Welcome to your Friday dose of WEEK - a roundup of what's dropped in the last seven days, brought to you by the Culture & Strategy team at LOVE.
Cartier goes HiLo
This week, Cartier opened a pop-up convenience store in wealthy shopping district, Omotesando, Tokyo. In true HiLo fashion, Cartier took all the familiar touch-points of a convenience store and contrasted them with their signature gold interior accents and luxury food and beverage items, including a cup of noodles for £73 and a piece of mango cake for £70.
Despite the eye watering prices, the store was a massive success with Instagrammers queuing around the block for Cartier’s take on a modern luxury experience.
London gets Gooped
Goop, the controversial wellness platform run by Gwyneth Paltrow, has opened a pop up in London’s Notting Hill.

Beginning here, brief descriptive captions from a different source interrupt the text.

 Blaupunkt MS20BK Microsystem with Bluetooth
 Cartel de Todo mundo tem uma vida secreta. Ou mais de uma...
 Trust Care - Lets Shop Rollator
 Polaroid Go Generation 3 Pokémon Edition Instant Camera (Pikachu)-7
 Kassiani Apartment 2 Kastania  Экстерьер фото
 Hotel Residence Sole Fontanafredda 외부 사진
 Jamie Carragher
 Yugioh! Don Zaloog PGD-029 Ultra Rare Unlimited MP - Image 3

The pop-up stocks a carefully curated selection of products that have caused the multi million $ brand so many trials and tribulations in the past. These include pubic hair oil for £45, vaginal eggs (Goop was recently sued for claiming the eggs help to balance hormones) and water bottles complete with a giant internal crystal. Customers can also find a selection of clothing from designer friends such as Victoria Beckham and Stella McCartney.
Brands operating in every industry from beauty to sex are cashing in on consumers new found obsession with wellness.
Crisp Packet Wars
Angry consumers are posting old Walkers crisp packets back to Walkers in protest at their announcement not to make their packaging recyclable until 2025.
The Royal Mail have pleaded with campaigners to put they crips packets in an envelope as they’re clogging their sorting machines.
Despite this being a bit of fun (as well as making some entertaining headlines), it shows just how important plastic pollution is to people. Companies that don’t enforce change will no doubt face the continual barrage of bad press.
Love it or hate it - Burberry
It’s hard to miss the new Burberry monogram. Fans have got a real love-hate relationship with the change - check out other brands dividing opinion in this month’s SEEN.
If you’re a reader of High Snobiety, you may have noticed Burberry’s tessellated monogram taking over your web pages in the run up to Riccardo Tisci’s debut at London Fashion Week.
With a purposefully ‘glitchy’ application of design, the Burberry of today feels much less ‘Emma Watson in a heritage trench coat’, and much more ‘contemporary streetwear brand’. If you’re a fan of the former, you probably won’t like the new Regent Street flagship either.
Alongside the takeover, High Snobiety commissioned four digital artists to reimagine the Burberry Monogram, each bringing their own style to the mix.